If you simply create a folder in /var/log called journal it would cause journalctl to be “persisted” to /var/log, yes that is still in ram, but then L2R would back it up and rotate it as needed just like any other log. Much simpler than “fiddling” with journalctl to get it to periodically persist.

Dave has made a good point about that not potentially catching vital crash logs if L2R hasn’t got time to write to disk, but that could be explored further (and it’s not something we would miss, currently emonSD starts with no previous log data at all), as can doing it directly via journalctl, my point here is that if we were using L2R already, “just add a folder” and we easily and instantly have persisted journals, no edits, no fiddling, no complex stuff and no additional write load to wear the sdcard, job done with one “mkdir”, takes the heat off to allow a more leisurely look into how to better that rather than a hastily rollout of a irreversible complex solution with very little noticeable operational difference.

borpin · 19 April 2019 13:43

Yes I’d thought of that. The problem could be the size. As /run/log/journal is quite large (your RAM size effectively), you might run into issues as journald would not expect the size to be limited. But you can manage that by some other journald directives. You might need a L2R write commanded by monit.

It is an alternative approach to restoring the generation of a specific emonhub log file.
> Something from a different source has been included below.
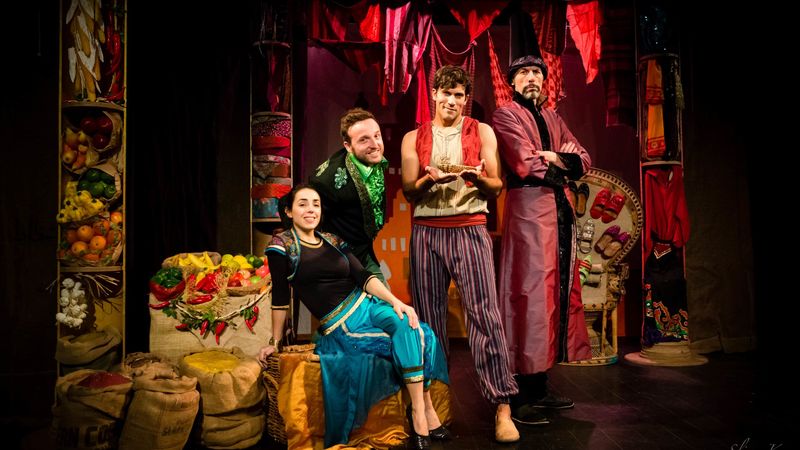 Réadapté dans une version musicale résolument moderne, Aladin est à découvrir sans plus attendre au Théâtre 100 Noms.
I think it would need a bit more than that as I suggest above.

Not suggesting that.

pb66 · 19 April 2019 13:56

That sounds like it’s making things over complex. Remember regardless of whether the journal is inside or outside /var/log it is still in memory and using the same amount of space, all we perhaps need is to increase the /var/log to accommodate the extra load. BUT that extra size in /var/log is no bigger than a non-persisted “this boot only” journalctl file most of the time as the (default) daily logrotate would move the previous days/boots data off to disk.

The default max size of the journal file is 26Mb whether it’s in /var/log or not, IMO the 50Mb of the emonSD is too small, as I stated elsewhere the 50MB is only a ceiling not a reservation of space so I would set that to perhaps 10% of the total ram, eg 100M on a Pi 3, the image works fine on a 512M ram Zero or Pi B (effectively leaving only 462M for non log data) so I think we can run in 924 (1G minus 100M) without an issue. Especially if using L2R so that whilst the ceiling is higher, the logs held in ram are smaller (no rotated files) and journalctl is the same size (effectively the move to 100M would potentially only rob 24M from the system even when maxed out) because the 26M journal has moved along with the remapped RAM)

borpin · 19 April 2019 14:06

Where did you get this figure from?

Yes agree with all you say - my point was that we can’t simply create the folder and assume all will be fine and dandy. There will need to be some other tweaks along the way.